Task requirements:
Leave the pictures out. Transcribe exactly every line from the start of the records through the one containing "Черный Фольксваген Пассат, объемом".

Records for this exercise:
Segment Open

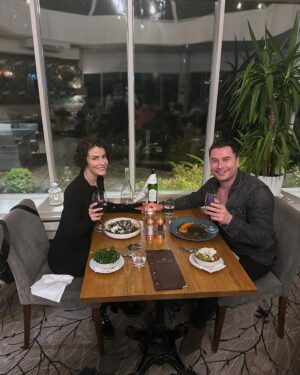 Linsey Godfrey Instagram - What a welcome to Ireland this one gave me 💚
Thank you @kilkeacastle 🏰 ✨
Repost from @kevinjryan
•
Such a special stay at @kilkeacastle This castle is an hour outside of Dublin and you feel like your in the middle of nowhere. So beautiful, quiet and the restaurant and Spa are just incredibly perfect. The grounds, rooms and overall experience is beyond what we expected! Big thank you to @cashman.christy , Aidan and all the staff that took so much care of us during our stay. We’ll definitely be seeing you guys again! There’s a reason this place is 5 stars and they all shine brightly! You should also have a read of Christy Cashman’s latest book ‘The Truth About Horses’ which is a pretty brilliant read!! #thetruthabouthorses #kilkeacastle #christycashman #christycashmanauthor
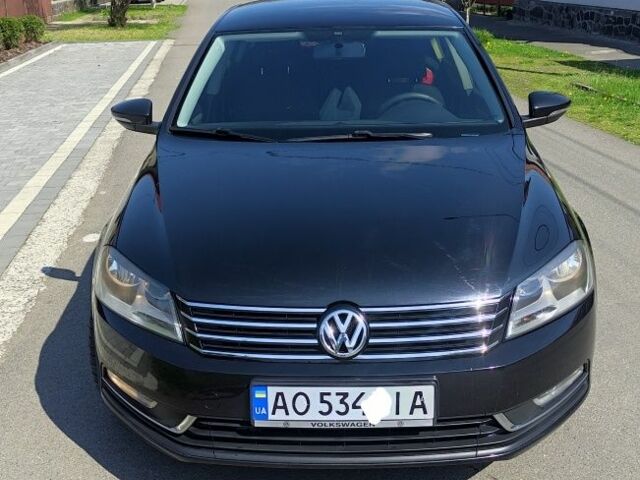 Черный Фольксваген Пассат, объемом двигателя 1.8 л и пробегом 197 тыс. км за 7999 $, фото 1 на Automoto.ua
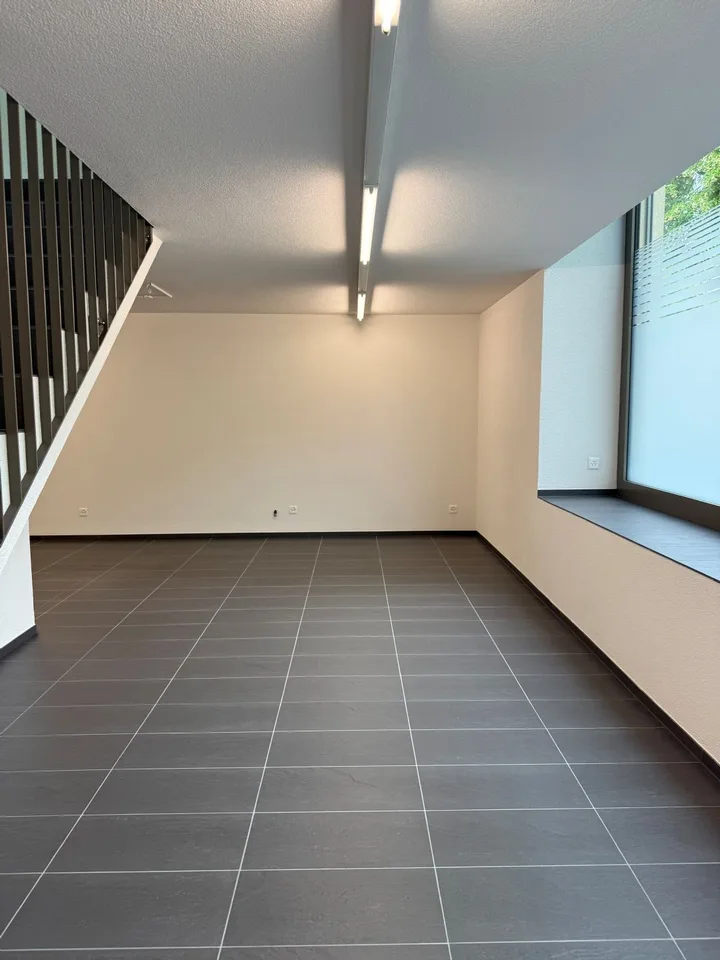 Modernes Gewerbeobjekt sucht neuen Mieter! – Foto 2 von 7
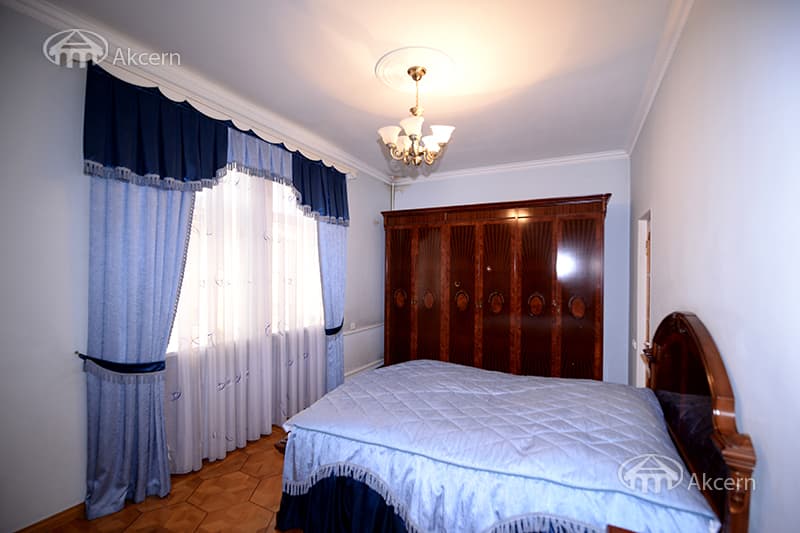 Mansion · 9 rooms · 777 m² · Malatia-Sebastia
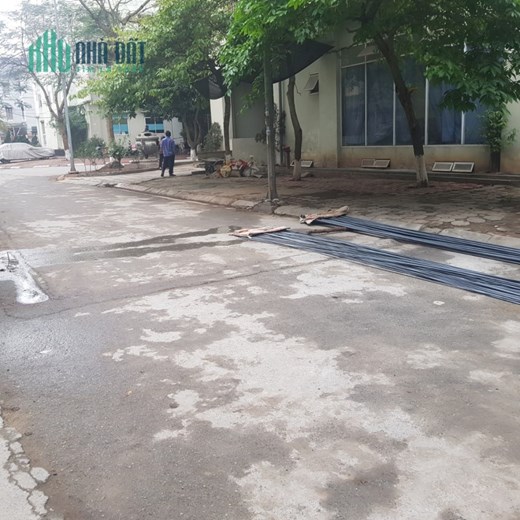 Bán đất mặt phố Đại Mỗ 500m mt gần 20m, kinh doanh 2 mặt đường, đã có nhà khung thép giá chỉ 6.9 tỷ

Segment Closed

Your response:
 Linsey Godfrey Instagram - What a welcome to Ireland this one gave me 💚
Thank you @kilkeacastle 🏰 ✨
Repost from @kevinjryan
•
Such a special stay at @kilkeacastle This castle is an hour outside of Dublin and you feel like your in the middle of nowhere. So beautiful, quiet and the restaurant and Spa are just incredibly perfect. The grounds, rooms and overall experience is beyond what we expected! Big thank you to @cashman.christy , Aidan and all the staff that took so much care of us during our stay. We’ll definitely be seeing you guys again! There’s a reason this place is 5 stars and they all shine brightly! You should also have a read of Christy Cashman’s latest book ‘The Truth About Horses’ which is a pretty brilliant read!! #thetruthabouthorses #kilkeacastle #christycashman #christycashmanauthor
 Черный Фольксваген Пассат, объемом двигателя 1.8 л и пробегом 197 тыс. км за 7999 $, фото 1 на Automoto.ua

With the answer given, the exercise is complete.